Black Dried Bean Curd
Ingredients
Soybean, edible gypsum, condiment (secret recipe), caramel
Directions
- Step1 Soak
- Step2 Grind
- Step3 Mix
- Step4 Shape
- Step5 Flavor
Soak soybeans in the water one day before making the product.
Put soybeans into a grinder, and then separate them into soy milk and tofu dregs.
(soybeans: water=1:1)
||-mix and stir
Pour soy milk into a bucket. Add the edible gypsum to the soy milk to make tofu pudding.

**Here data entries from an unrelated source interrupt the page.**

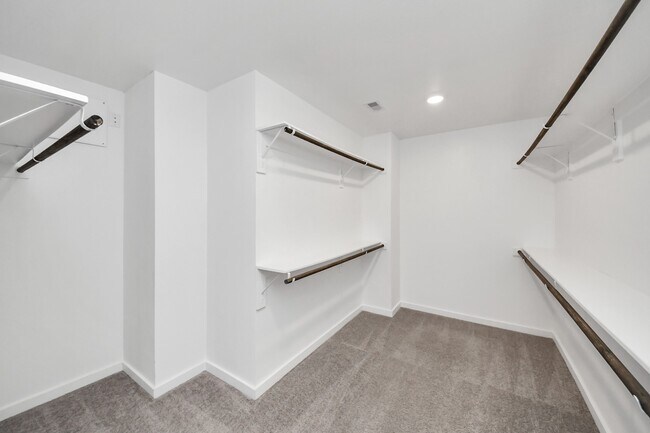 Building Photo - 2511 Shining Spur Ct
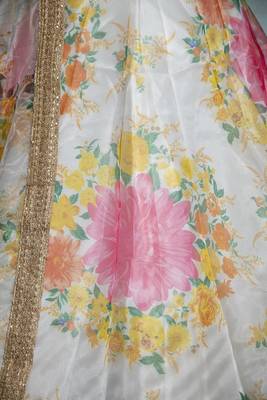 Off-white embroidered organza semi stitched lehenga 3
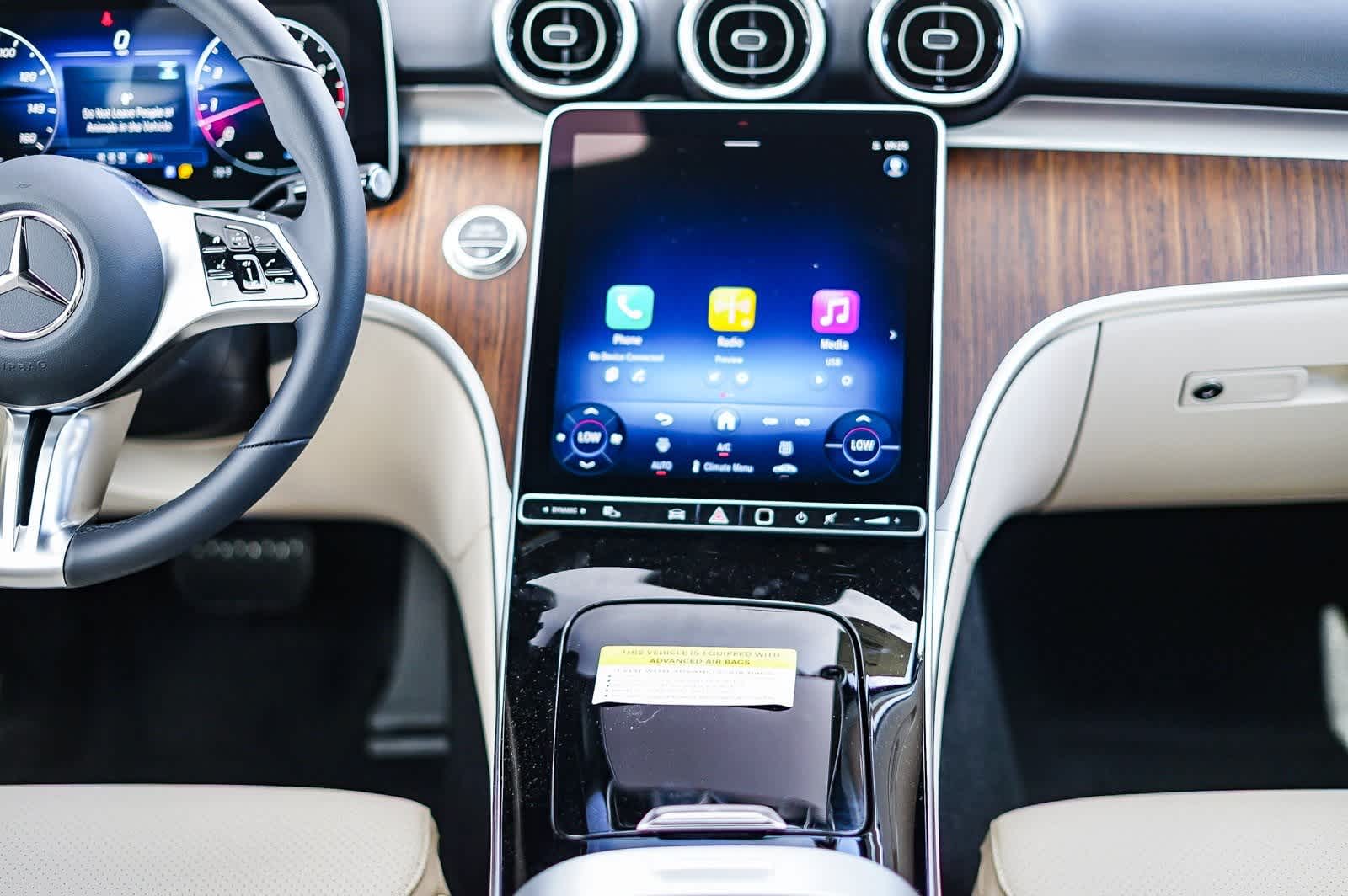 Thumbnail: 2025 Mercedes-Benz C-Class - 14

Place a piece of cotton cloth on a wooden model, and then pour the tofu pudding into the wooden model. Press the tofu pudding until it takes shape. Be mindful about your pressing force! Pour more tofu pudding into the model, and press it again to drain the water. Now, you have bean curd. Put the bean curd into a drying machine to make dried bean curd.
||-black dried bean curd
||-Caramel Marinade Tanks
Put the dried bean curd in salty water, and boil it in a pot for 15 minutes. Finally, put them into the caramel marinade tanks.
Key points
- Soaking time
- Water
- Amount of edible gypsum
- Shape
Because temperature changes in different seasons, the soaking time varies. You need a temperature-monitoring machine to control the temperature. In summer, you should soak the soybeans for 4 hours, whereas in winter, you should soak them for 7 hours.
To make delicious bean curd, water quality is very important. Groundwater and spring water are great choices.
The amount of gypsum to be added is worthy of attention. Bean curd will be too hard to consume if you put too much gypsum. On the contrary, with too little, it will be too soft.
Press the bean curd to make the texture tighter, thus tastier.